Cooperative News

Mother-son team brings new life to Buda Mill

Dodi and Saenger Ellis craft a community space steeped in history

The nine-acre Buda Mill and Grain Co. lot at the far south edge of charming downtown Buda is steeped in more than 100 years of history. It was the home of the town’s first cotton gin in the 1890s. Locals fondly remember having corn cob fights in the streets in the 1950s, when the site was a dairy feed mill.

In 2011, Gay Dahlstrom, her daughter Dodi Ellis and grandson Saenger Ellis began a massive renovation project of the mill site, which has been in the Dahlstrom family since the 1960s. Under their care and vision, the old offices, feed store, barns and storage buildings, which had fallen into disrepair in the last several decades, have undergone a dramatic transformation into a walkable, family-friendly complex containing a coffee shop, yoga studio, bicycle shop, bakery and more.

“We wanted to bring something new to Buda but keep the small-town feel,” Dodi Ellis said. “We’re inspired by the idea of the traditional community gathering place, where you could get a haircut and a piece of cake and run into your neighbor. People are weary of the big box store and the lack of customer service. People want that human relationship.”

All in the family

For the Ellises, the Buda Mill and Grain Co. site is steeped in family as well as local history: Dodi Ellis’s mother launched the revitalization with them in 2011, bringing boundless energy and passion to the project until her death several years ago.
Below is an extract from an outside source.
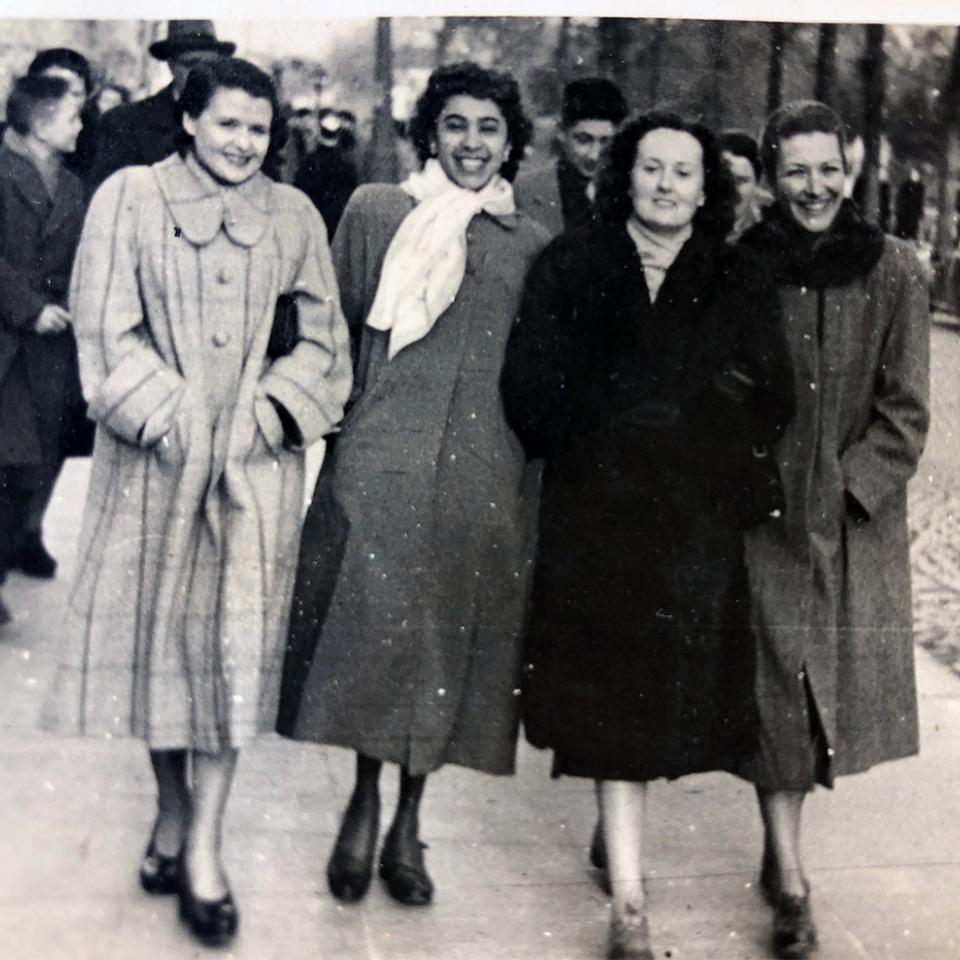 A old black and white stained photograph of Elizabeth Kawaley and three friends. They are wearing winter coats and walking towards the camera.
“She loved fixing things up,” Saenger Ellis remembered fondly. “She kept saying, ‘This place is like a woman who needs a new dress!’”

Dodi Ellis said her mother’s open mind gave them the confidence they needed to take on such a huge project. “My mom really believed in mistakes,” she said. “If you don’t make mistakes, how can you learn? It was amazing to work with somebody so supportive.”

Old and new

Buda Mill and Grain sign.
Old bones take new shape as the modern Buda Mill and Grain rises from the ashes.

Even as the old bones of the site take new form in the modern Buda Mill and Grain Co., preserving the mill’s past is integral to the Ellises and their family’s dream for its future.

“The city planner told us this project would be very hard, especially because we were dedicated to preserving the footprint of the place,” Dodi Ellis said. “If we’d been willing to just bulldoze the buildings, it would have been so much easier. But people love this sense of the history, the energy of the old and the new.”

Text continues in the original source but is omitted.